**Action item**
From the listing below, give again exactly the lines from the line with "从广州早茶到西安肉夹馍：十大城市的地道美食与景点" to the line with "Mercedes-Benz CLA 200", ends included, without any pictures.

**Input material**
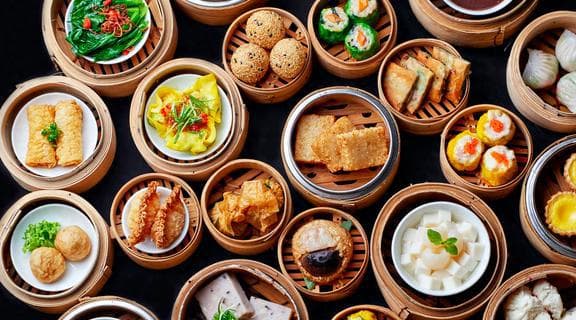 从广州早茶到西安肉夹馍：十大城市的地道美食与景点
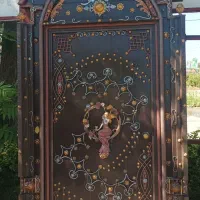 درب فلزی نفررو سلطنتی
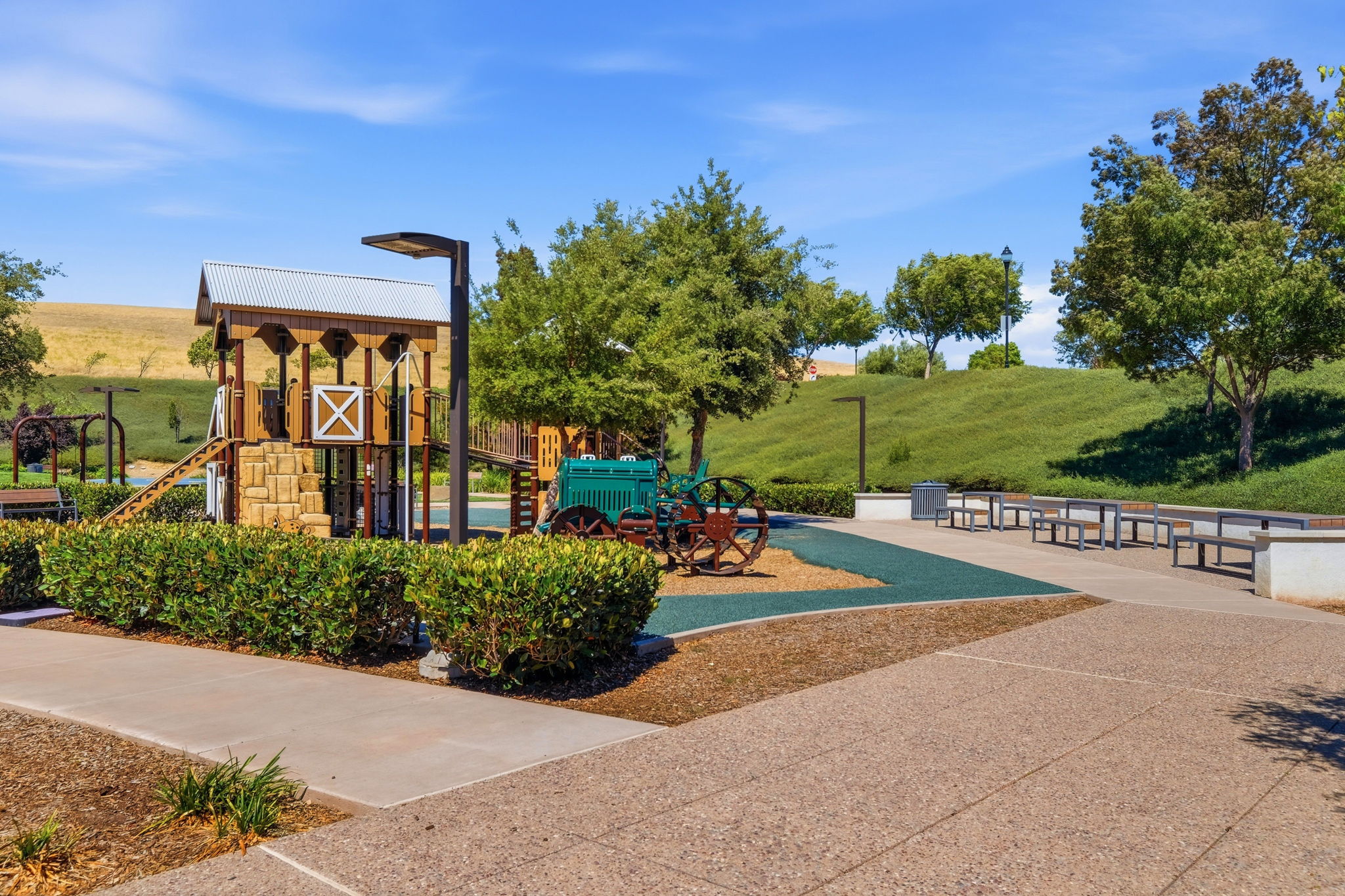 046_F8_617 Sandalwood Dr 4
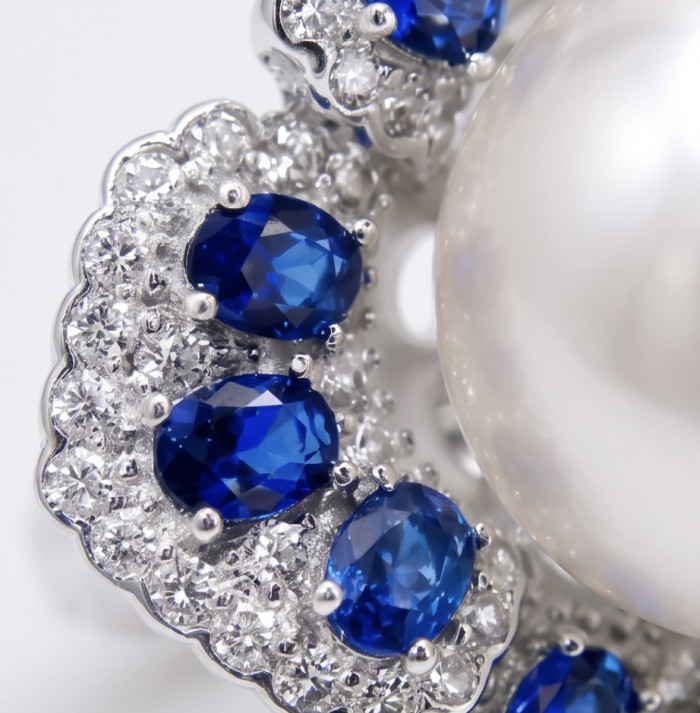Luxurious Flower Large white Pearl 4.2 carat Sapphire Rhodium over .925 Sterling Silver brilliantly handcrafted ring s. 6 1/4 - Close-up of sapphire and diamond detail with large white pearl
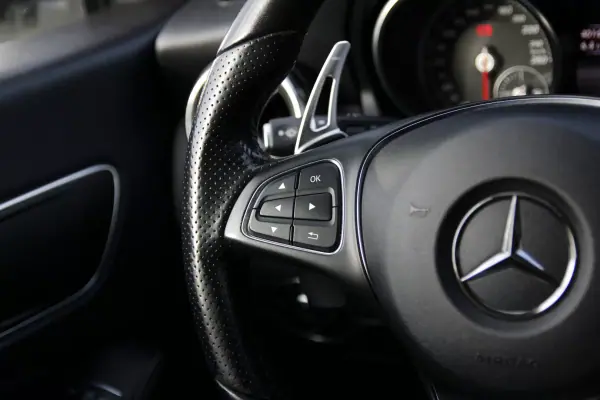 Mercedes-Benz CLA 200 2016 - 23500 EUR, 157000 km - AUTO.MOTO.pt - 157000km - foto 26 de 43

--

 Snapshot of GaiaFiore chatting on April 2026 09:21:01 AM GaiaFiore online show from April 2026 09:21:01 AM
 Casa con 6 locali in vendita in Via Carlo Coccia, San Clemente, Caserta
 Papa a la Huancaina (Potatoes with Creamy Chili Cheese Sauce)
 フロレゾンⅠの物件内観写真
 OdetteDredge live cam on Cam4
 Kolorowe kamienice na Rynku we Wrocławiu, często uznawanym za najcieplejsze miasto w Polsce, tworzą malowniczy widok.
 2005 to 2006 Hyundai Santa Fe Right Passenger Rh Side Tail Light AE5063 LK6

...

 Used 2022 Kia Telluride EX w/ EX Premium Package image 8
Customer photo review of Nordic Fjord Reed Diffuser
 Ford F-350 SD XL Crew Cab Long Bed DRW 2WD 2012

**Worked solution**
 从广州早茶到西安肉夹馍：十大城市的地道美食与景点
 درب فلزی نفررو سلطنتی
 046_F8_617 Sandalwood Dr 4
Luxurious Flower Large white Pearl 4.2 carat Sapphire Rhodium over .925 Sterling Silver brilliantly handcrafted ring s. 6 1/4 - Close-up of sapphire and diamond detail with large white pearl
 Mercedes-Benz CLA 200 2016 - 23500 EUR, 157000 km - AUTO.MOTO.pt - 157000km - foto 26 de 43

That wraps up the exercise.